Steht das Burgdorfer Volks- und Schützenfest vor dem Aus? 

Ein Bild des Budenrunds aus besseren Jahren: Das Burgdorfer Volks- und Schützenfest 2016. In diesem Jahr wird es nur eine Reihe von Buden und Fahrgeschäften geben.
Foto: Bastian Kroll

Ist 2025 das letzte Jahr, in dem in Burgdorf ein Volks- und Schützenfest gefeiert wird? Diese Frage, so drängend wie nie, stand wie der berühmte „Elefant im Raum, als sich am gestrigen Montagabend, 5. Mai 2025, rund 80 Mitglieder der Burgdorfer Schützengesellschaft zur traditionellen Mai-Versammlung im Schützenheim trafen. Der Vorsitzende Jörg Hoppe sprach offen aus, was viele im Saal befürchtet hatten: Die Organisation des diesjährigen Festes sei nur „in letzter Sekunde“ gelungen. Dass Schausteller absagen oder gar keine mehr zu finden sind, sei längst keine Ausnahme mehr, sondern ein Zeichen der Zeit. Es lohne sich schlichtweg nicht mehr, als Schausteller nach Burgdorf zu kommen.

„Das Volk scheint nicht mehr bereit, aufs Zelt und vor allen Dingen auf den Festplatz zu kommen“, sagte Hoppe mit Blick auf die rückläufige Besucherresonanz. Dass in diesem Jahr überhaupt gefeiert werden kann, sei am Ende eine Notlösung. Er dankte in diesem Zusammenhang für die Unterstützung der Stadt und den Einsatz des Bauhofs. „Ohne deren Hilfe könnten wir das Fest nicht mehr stemmen“, so Hoppe, denn eine fünfstellige Summe müsste aufgebracht werden.

Sicherheitsauflagen, Frust und Rücktrittsgedanken

Auch das Thema Sicherheit belastet die Planungen: Noch sind die Auflagen der Region Hannover nicht bekannt. Erst am 10. Juni soll es ein Gespräch mit der Stadt geben. „Dann ist es für Korrekturen eventuell zu spät“. Hoppe verwies auf ein Beispiel aus Sehnde, wo jüngst ein Fest wenige Tage vor Beginn abgesagt werden musste, weil die geforderten Auflagen nicht mehr rechtzeitig umzusetzen waren.
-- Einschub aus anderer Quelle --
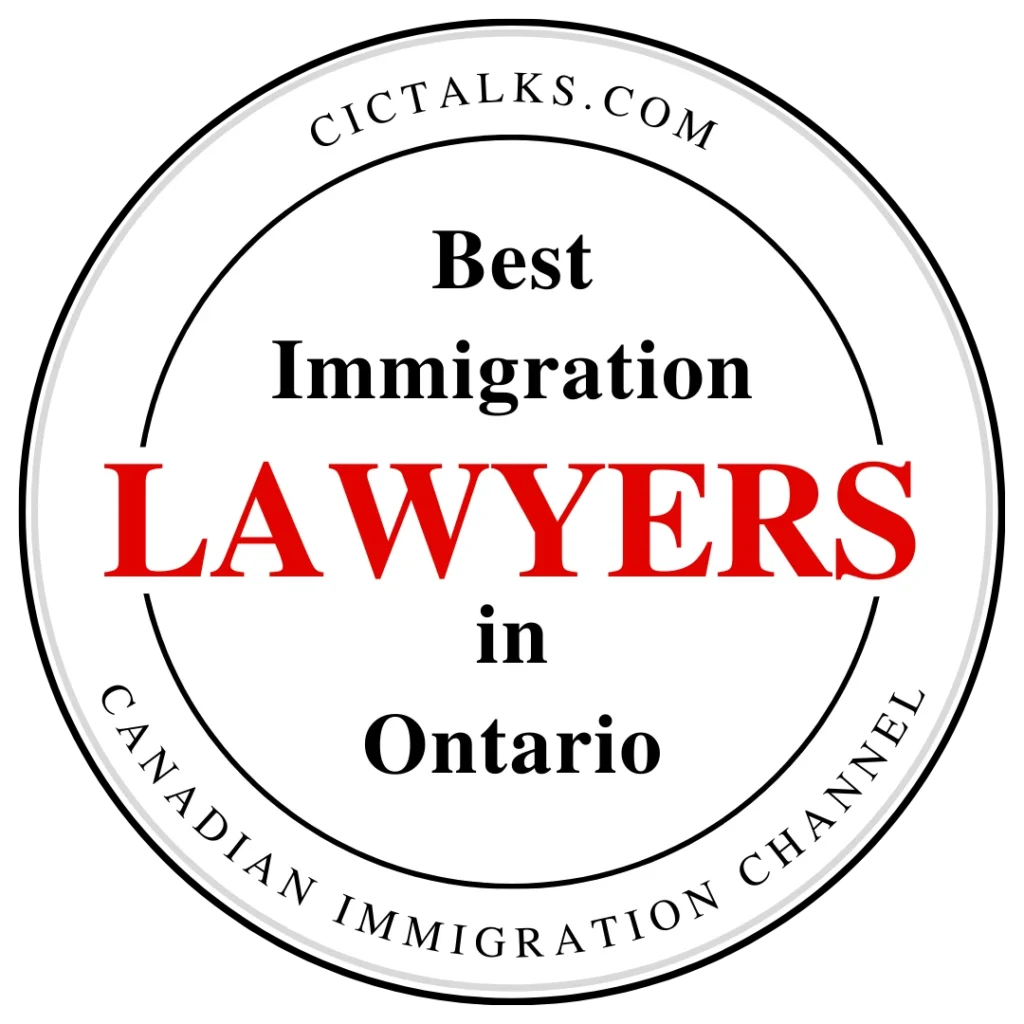 Best immigration lawyer in Ontario, Canada Badge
Zudem ringt der Verein weiter um einen arbeitsfähigen Vorstand. Bereits zur Herbstversammlung hatte Jörg Hoppe die Mitglieder aufgerufen, sich aktiv einzubringen. Hoppe dazu: „Gemeldet hat sich niemand“. Er fand daher erneut klare Worte: „Ohne geschäftsführenden Vorstand ist hier Ende.“ Er deutete zudem an, sein Amt möglicherweise bereits im November dieses Jahres abzugeben – ein Jahr vor dem regulären Ende seiner Amtszeit, nachdem er im Herbst vergangenen Jahres erneut für zwei Jahre gewählt wurde. „Ich lasse mich nicht ständig kritisieren. Und wenn es um Gesundheit und Familie geht, ist der Spaß vorbei“, so Hoppe deutlich. Es sei nicht hinnehmbar, dass ihn Mitglieder ohne Hintergrundwissen kritisieren würden, machte er seinem Unmut Luft.

„Wir sind blank“ – Beitragserhöhung beschlossen

Auch finanziell steht die Burgdorfer Schützengesellschaft nicht gut da. „Wir sind nicht auf Rosen gebettet“, so der 1. Schatzmeister Cord-Christian Hansen. Er wurde noch deutlicher: „Wir sind blank.“ Die Rücklagen seien aufgebraucht, eine Beitragserhöhung unumgänglich. Trotz intensiver Bemühungen, die Kosten ohne Anpassung zu bewältigen, müsse man nun handeln.

„Uns laufen die Kosten weg“, so Hansen mit Blick auf die allgemeine Preisentwicklung. Die letzte Beitragserhöhung stammt aus dem Jahr 2011, seitdem seien die allgemeinen Preise um 40 Prozent gestiegen. Die Versammlung folgte dem Vorschlag: Mit fünf Gegenstimmen und sieben Enthaltungen wurde eine Beitragserhöhung um 50 Prozent beschlossen, um zukünftig wieder in den Schießsport und das Schützenheim investieren zu können und handlungsfähig zu bleiben.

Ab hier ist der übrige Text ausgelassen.